C’est un jeune monarchiste atypique, loin de l’image qui est habituellement distillée dans les médias. Étudiant à l’école du Louvre, vous ne trouverez pas de livres sur Maurras ou de blason fleurdelisé chez lui mais des objets en tout genre provenant de l’univers d’Harry Potter. La fantasy, une passion pour ce jeune homme qui vient tout juste de fêter ses 25 ans. Le sacre ? Une affaire très sérieuse avec laquelle on ne badine pas et le moins qu’on puisse dire, c’est qu’il va droit au but. Laurent est le « Lionel Messi » du roycoland, là où il tire, il fait mouche. « La question du sacre est intrinsèquement lié à la monarchie française alors que ce n’est plus le cas dans d’autres monarchies aujourd’hui. A une exception notable : la monarchie britannique qui est assez hybride en soi puisque la souveraine est de droit divin et peut-être destituée par le parlement ». Le sujet est lancé, il dégaine ses arguments aussi vite que dans un duel de sortilèges.
« Il faut bien faire une différence entre sacre et couronnement, comme c’est le cas en Espagne ou d’autres pays qui ont tous renoncé aux régalia pour laisser place à une cérémonie de serment ». Attrapant son métronome, Laurent nous transporte chez les Carolingiens et me rappelle à juste titre que Charlemagne n’a pas été sacré roi, mais couronné empereur. Tout est dans la nuance. Il s’agit donc de déterminer déjà de « quel type de monarchie on parle car tout sacre en France implique un aspect religieux qui lui est indissociable. Dans l’esprit de l’Ancien régime, le Christ était le vrai souverain ». Je lui fais remarquer que « la Restauration était une monarchie constitutionnelle et qu’elle a pourtant connu un sacre, rien qui ne soit antinomique ». Laurent a déjà une réponse, elle fuse aussi vite qu’un « Éclair de Feu ». « Oui mais n’oubliez que toute constitutionnelle était-elle, la Charte était octroyée par le roi, le régime était encore considéré comme de droit divin ce qui agaçait beaucoup les Libéraux de cette époque ». « Toute souveraineté vient de Dieu et en tant que catholique, je pense qu’il est nécessaire qu’il y ait tout ce rituel inhérent à la monarchie. Le sacre n’a rien de suranné mais avec le libéralisme ambiant, je peux comprendre que cela soit perçu comme tel » poursuit Laurent. « A titre d’exemple, le sacre de Napoléon serait un bon équivalent historique à ce qui pourrait être célébré. Encore faut-il le renouveler pour pouvoir réconcilier tout le monde autour de cette idée » ajoute-t-il tout en jouant avec son écharpe aux armes de « Serdaigle ».
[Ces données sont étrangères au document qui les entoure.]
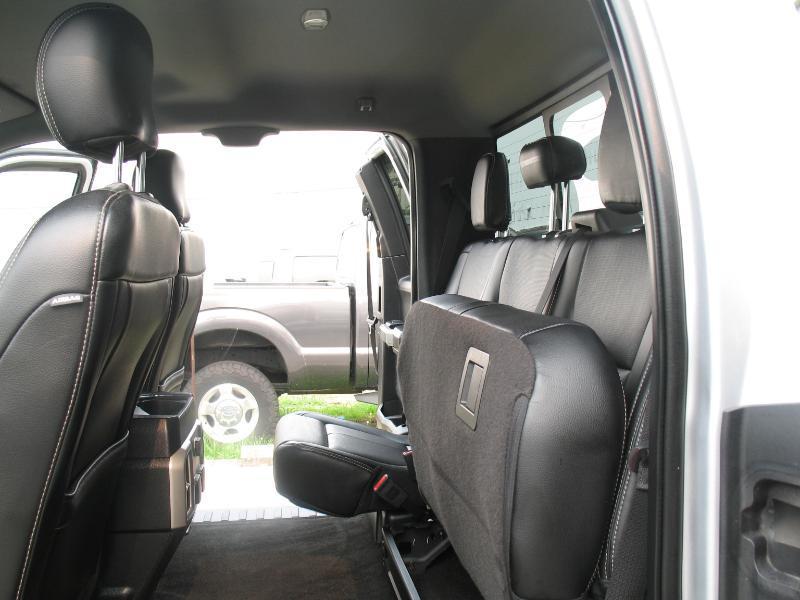 Ford F-150 Lariat SuperCab 6.5-ft. 4WD 2018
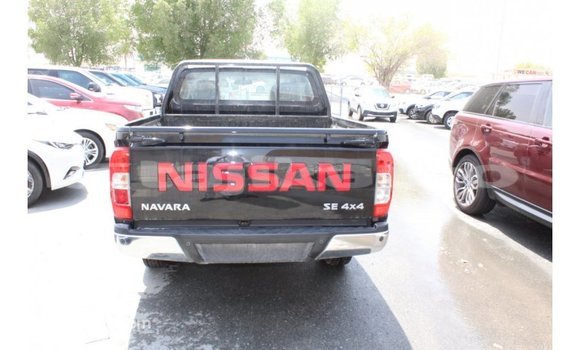 Buy Import Nissan Navara Black Car in Import - Dubai in Dushanbe Buy Import Nissan Navara Black Car in Import - Dubai in Dushanbe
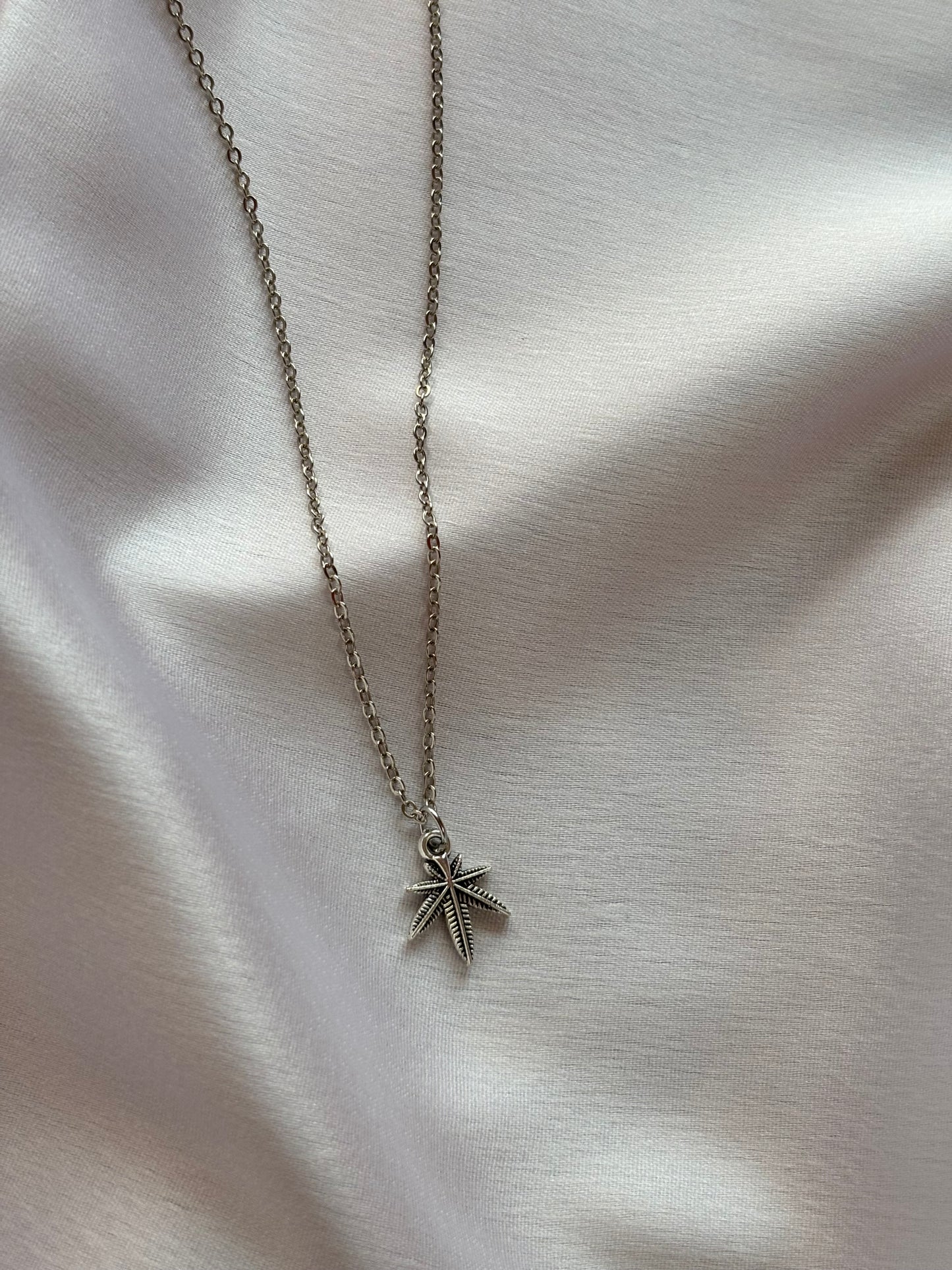 Leaf Necklace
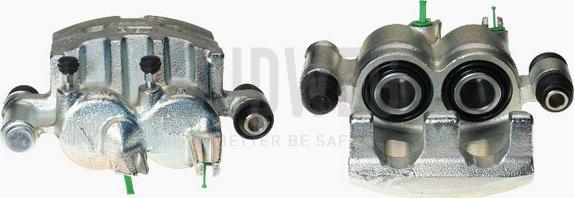 Budweg Caliper 341561 - Гальмівний супорт autozip.com.ua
« La monarchie de droit divin est une incarnation d’unité »
« La monarchie de droit divin est une incarnation d’unité et ce concept pourrait revenir. On sent bien que notre société en appelle à une refondation, j’en veux pour preuve le phénomène de la « cancel culture », même si ce dernier est surtout révélateur des contradictions de l’idéologie des lumières et qui conduit à son autodestruction pour alimenter cet esprit de révolution permanente » poursuit Laurent. « Il faut toutefois prendre acte et constater les changements tant dans les mentalités que dans la société que trois siècles de Révolutions et de Républiques ont générée. Elles sont irrémédiables, même si on peut le déplorer sur certains points. Toutefois à défaut de retrouver la forme d’avant 1789, qui n’était déjà plus pertinente à l’époque, on peut essayer d’en retrouver l’esprit et d’en adapter la forme. ». Je dois mettre fin à l’entretien. Le temps de me retourner et il est déjà sur le départ. Pour quelle destination ? « La Terre du Milieu, je dois assister au couronnement d’Aragorn » me dit-il en rigolant.
C’est un « Home sweet home » atypique. Depuis quelques années, Maylis et sa petite famille partagent leur temps entre leur maison de campagne et une péniche arrimée sur le quai de Saône. Le plus vieux pied à l’eau de Lyon doté un grand pont et agrémenté d’un jardin. A l’image de la capitale des Gaules, Maylis a autant le sourire que la rhétorique pétillante. Le sacre, ringard ? « C’est précisément ce dont la France a besoin aujourd’hui et pour plusieurs raisons » me répond du tac au tac cette professeur de Philosophie. Le micro est branché, clap de départ avec en arrière-fond, une des plus belles villes de France.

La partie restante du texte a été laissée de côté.